The United States is by far the most successful country in Olympic basketball, with United States men's teams having won 16 of 19 tournaments in which they participated, including seven consecutive titles from 1936 through 1968. United States women's teams have won 8 titles out of the 10 tournaments in which they competed, including seven in a row from 1996 to 2020. Besides the United States, Argentina is the only nation still in existence who has won either the men's or women's tournament. The Soviet Union, Yugoslavia and the Unified Team are the countries no longer in existence who have won the tournament. The United States are the defending champions in both men's and women's tournaments.
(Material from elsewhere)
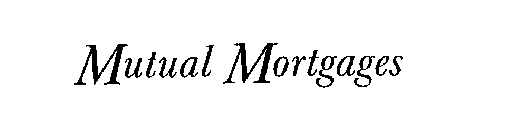 MUTUAL MORTGAGES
On 9 June 2017, the Executive Board of the International Olympic Committee announced that 3x3 basketball would become an official Olympic sport as of the 2020 Summer Olympics in Tokyo, Japan, for both men and women.

History
Basketball was invented by James Naismith in Springfield, Massachusetts, in 1891. Within a few decades, the new game became popular throughout the United States as an indoor sport. The popularity spread overseas and the International Basketball Federation (FIBA) was organized in 1932 in Geneva, Switzerland. The Young Men's Christian Association (YMCA) had a big part in the spread of this sport to many countries, and as many as 21 teams competed in the first Olympic basketball tournament.

American dominance
Thanks in part to the effort of Phog Allen—a Kansas Jayhawks collegiate coach—the first Olympic basketball tournament was organized in the 1936 Berlin Olympics on outdoor tennis courts. Dr. Naismith presented the medals to the top three teams. According to the Olympic rules of that time, all of the competitors were amateurs. The tournament was held indoors for the first time in 1948. The American team proved its dominance, winning the first seven Olympic tournaments through 1968, without losing a single game. While the Americans were barred from sending a team that contained players from the professional National Basketball Association, they instead sent in college players; teams from some other countries sent in their best players, as some of their players were classified as "amateur" by FIBA, by earning allowances instead of wages.

Munich and after
The U.S. winning streak ended in 1972 in one of the most controversial matches in history, when the Soviet Union beat them in the gold-medal game by one point.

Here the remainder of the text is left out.